===== Records provided =====

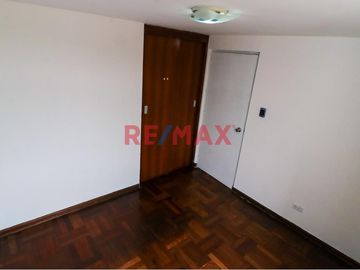 ¡Alquila Tu Chalet Recién Remodelado Cerca De La Universidad De Lima!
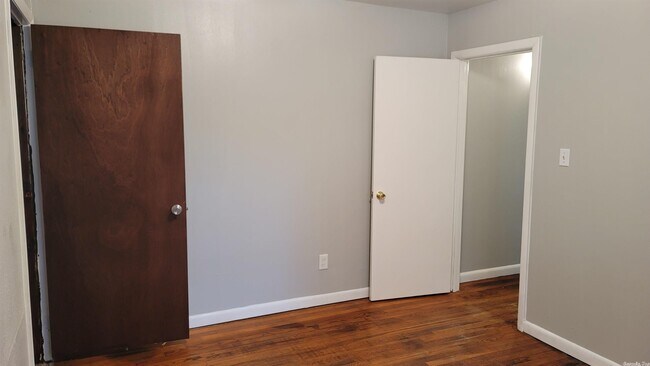 Building Photo - 601 Harpole St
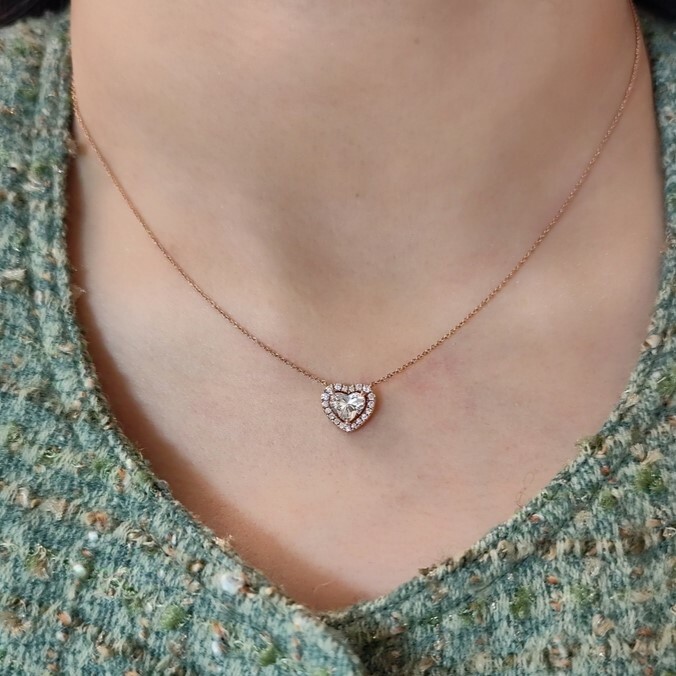 18K紅金80份心形鑽石頸鏈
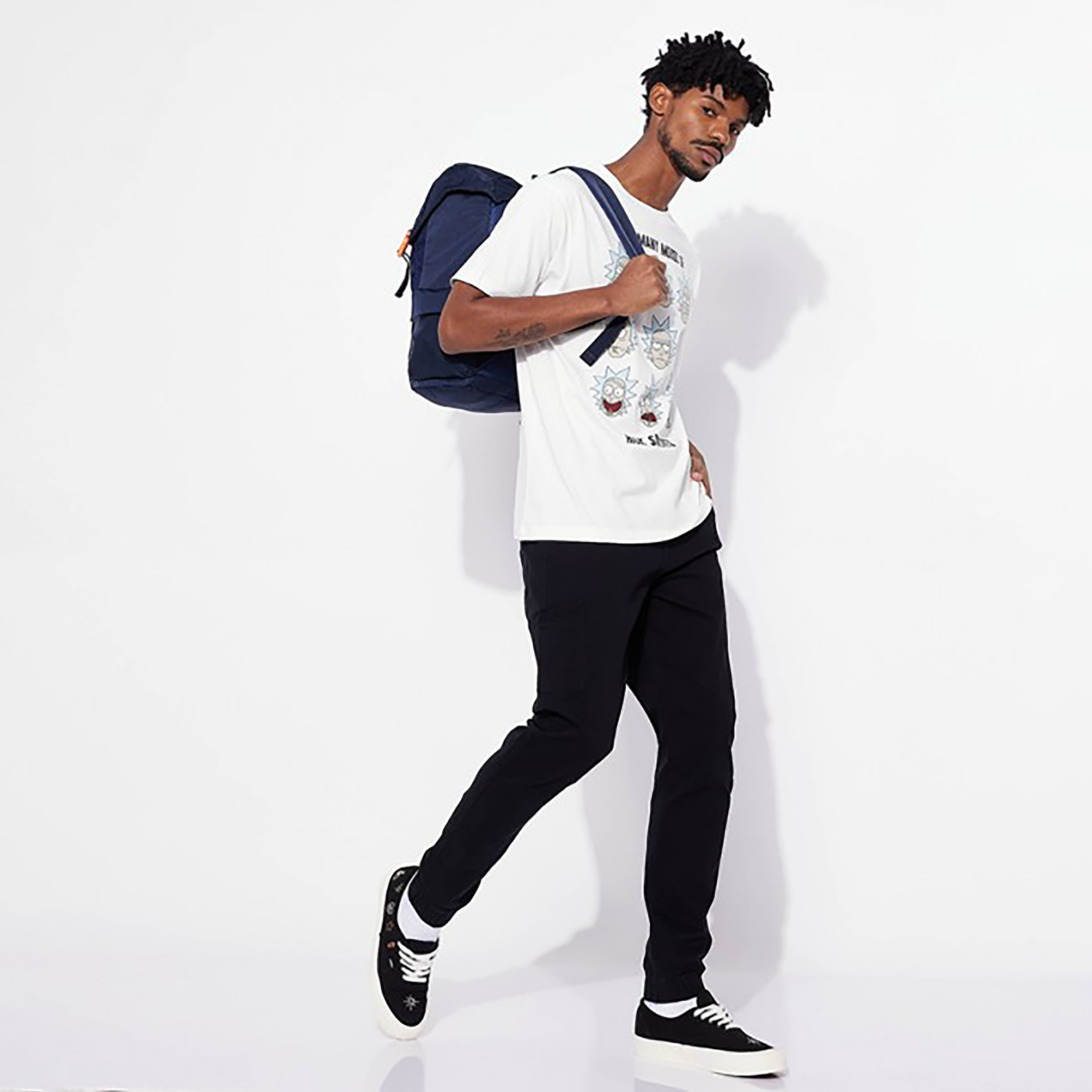 Aeropostale Plain Mid-Rise Joggers with Button Closure-men-clothing-bottoms-joggers-image-2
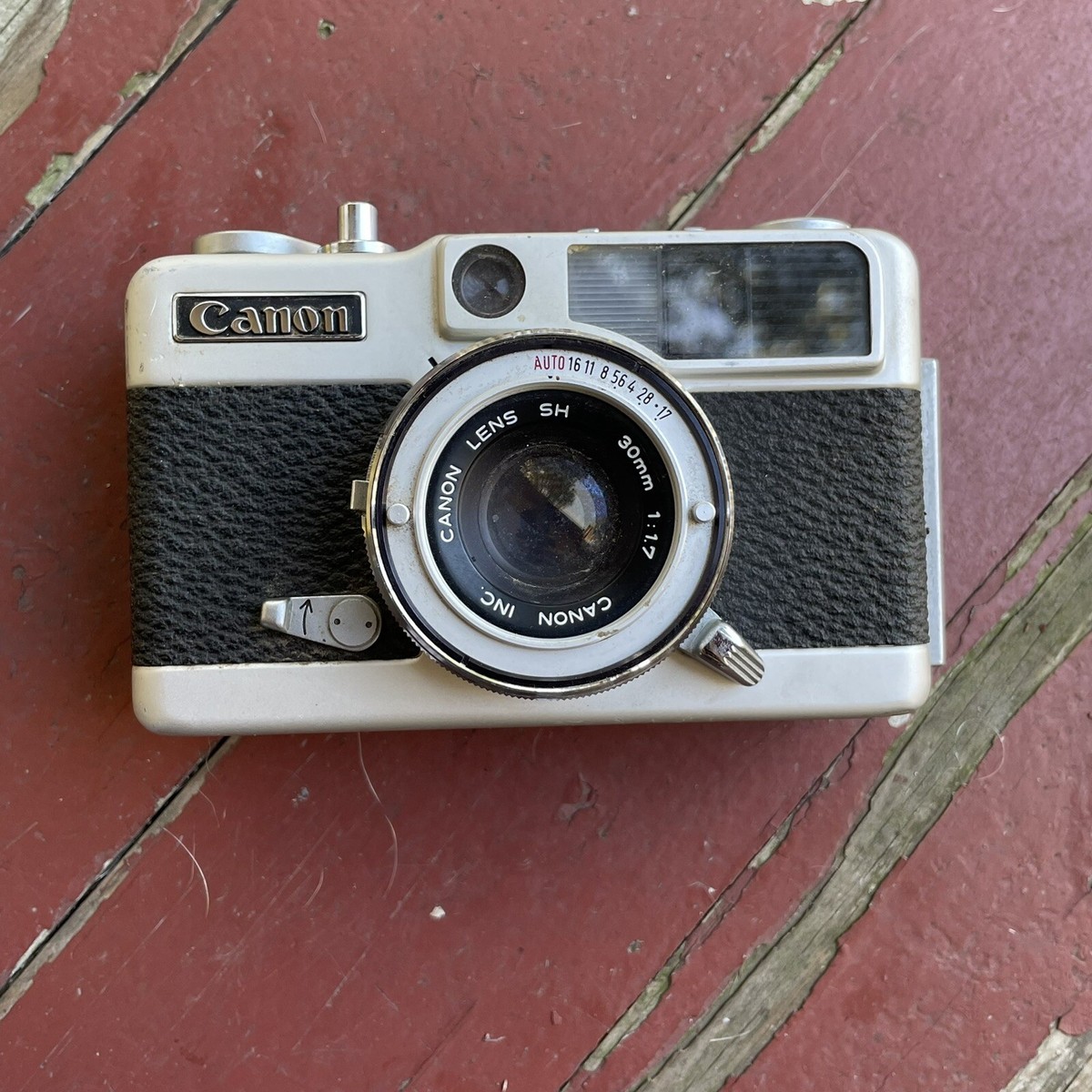 Canon Demi EE17 Half Film Camera w/SH 30mm F1.7 Lens [Near mint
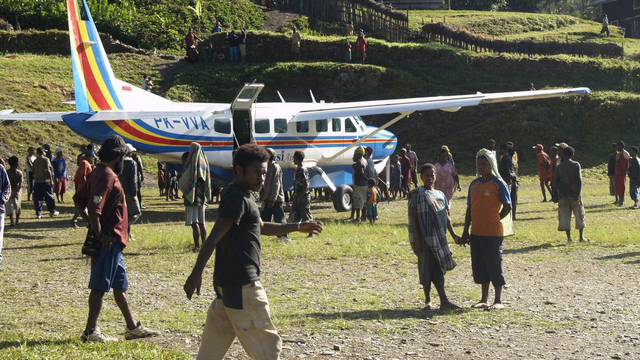 Pesawat perintis yang parkir di Bandara Mulia, Kabupaten Puncak Jaya. (BumiPapua.com/Lazore) 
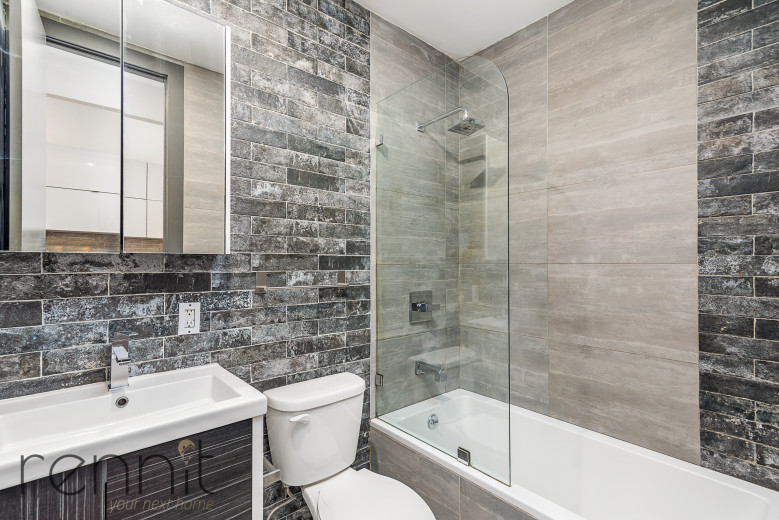 728 Knickerbocker Ave, Apt 3R Image 4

=====

Instructions to follow:
Restate word for word only the lines that run from the line holding "Pesawat perintis yang" to the end of the data, both ends kept, leaving every picture out.

Output of the exercise:
 Pesawat perintis yang parkir di Bandara Mulia, Kabupaten Puncak Jaya. (BumiPapua.com/Lazore) 
 728 Knickerbocker Ave, Apt 3R Image 4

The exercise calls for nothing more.